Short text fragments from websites
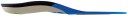Sidas 3Feet Trail MidS|37-38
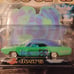 Adult collectibles signatures superstars 10yrs racing champions THE DOORS 1999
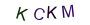 b8acfae493c8eaac703842bcc61bd50d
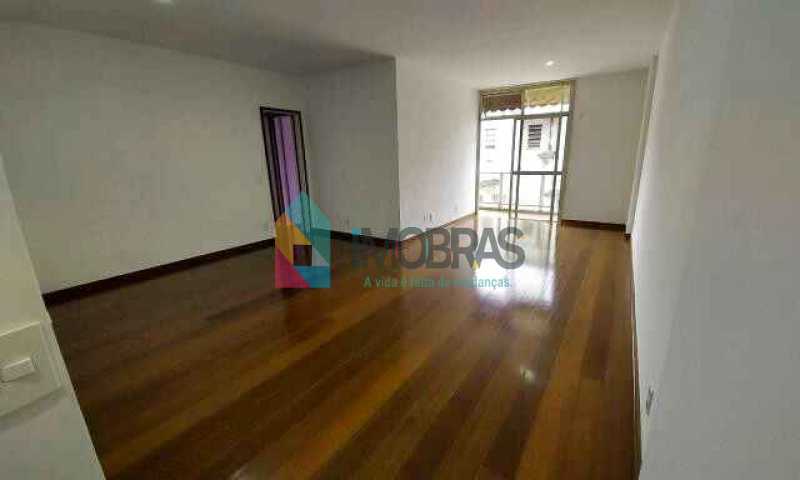 aHR0cHM6Ly9pbWcub2x4LmNvbS5ici - Apartamento para venda e aluguel Rua Vicente de Sousa,Botafogo, IMOBRAS RJ - R$ 1.300.000 - CPAP31953 - 18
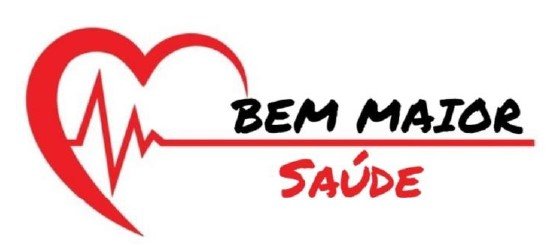 BEM MAIOR SAÚDE CORRETORA DE CARTÃO DE LTDA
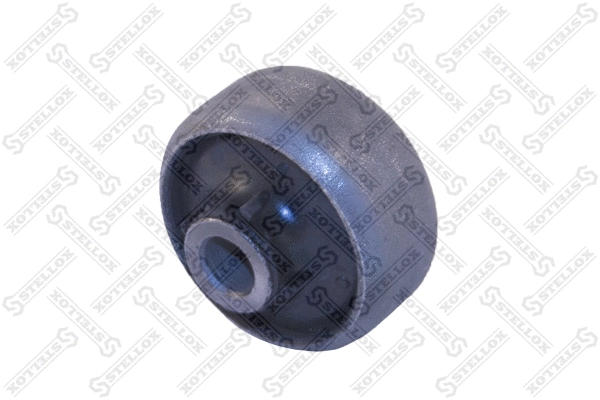 Suspension, bras de liaison STELLOX 77-00872-SX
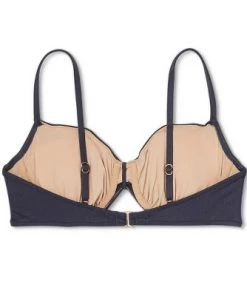 Best reviews of 🎁 Women's Tie-Front Bralette Bikini Top - Shade & Shore™ Stormy Blue 🤩 24 Best reviews of 🎁 Women's Tie-Front Bralette Bikini Top - Shade & Shore™ Stormy Blue 🤩 -Swimsuits Official Site unnamed file 5533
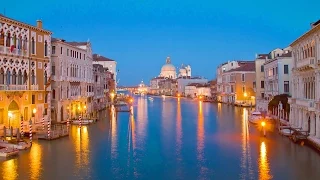 Ennio Morricone - Peace Notes - Live in Venice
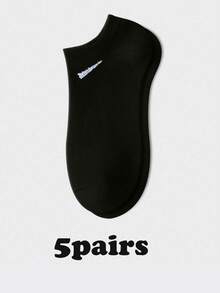 30双/60只纯色时尚女袜，简约舒适，休闲百搭，适合日常穿着，是冬季礼物、圣诞礼物和运动袜的理想之选，可赠送亲朋好友（1双=2只）。可选数量：2只/6只/10只/20只/30只/60只。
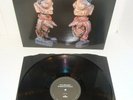 CHRIS McGREGOR BROTHERHOOD OF BREATH 2006 STAMFORD AUDIO LIMITED NUMBERED LP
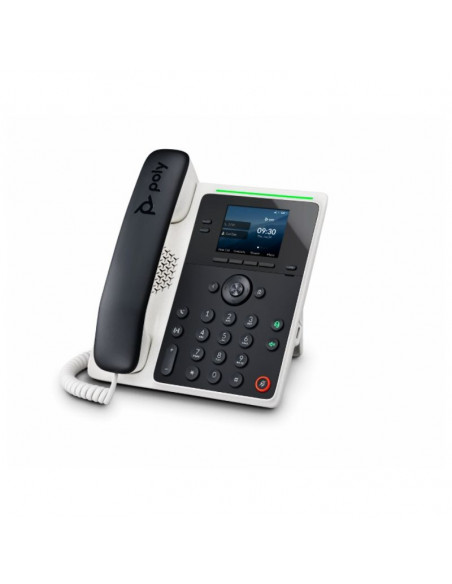 Poly - Edge E100 ecran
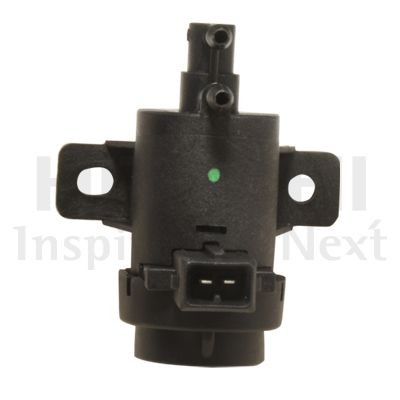 HITACHI Ladetryksstyring, Turbolader 2509344 Trykomformer HITACHI PANDA 2509344 billig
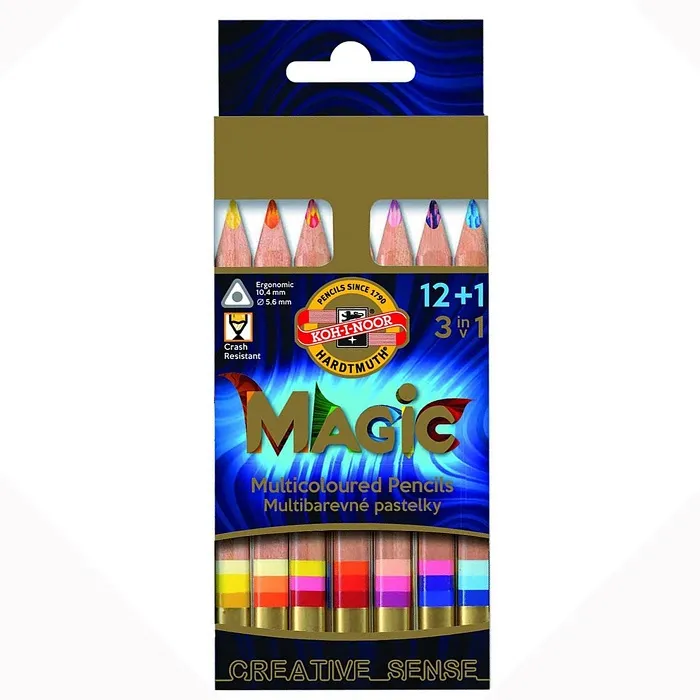 捷克製 Otavan Taebon M85 公發 軍裝外套 大衣 歷史價格詳細信息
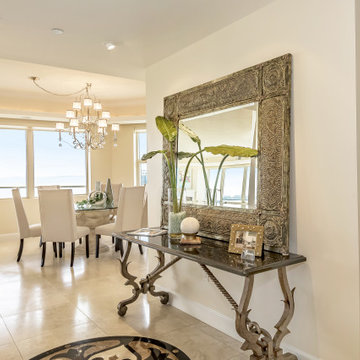 Golden Gate Point Luxury Condo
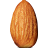 monkevinny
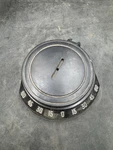 Sears Craftsman Radial Arm Saw Miter Scale 63669 & Indicator Cap 63670 For 113.+. Fixed Price $14.99.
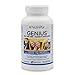 Nutripur - Artiflex - 90 (90caps)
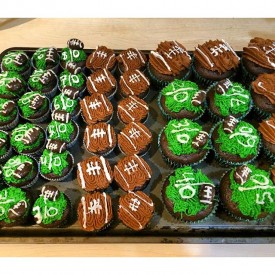 12599008_157811241265666_1299959449_n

◆ **ACTIVITY**: Nothing but the lines from the one holding "Golden Gate Point Luxury Condo" through the final line of the entries should be retyped, exactly as they stand and without pictures.

◆ **ANSWER TO THE PROBLEM**:
 Golden Gate Point Luxury Condo
 monkevinny
 Sears Craftsman Radial Arm Saw Miter Scale 63669 & Indicator Cap 63670 For 113.+. Fixed Price $14.99.
 Nutripur - Artiflex - 90 (90caps)
 12599008_157811241265666_1299959449_n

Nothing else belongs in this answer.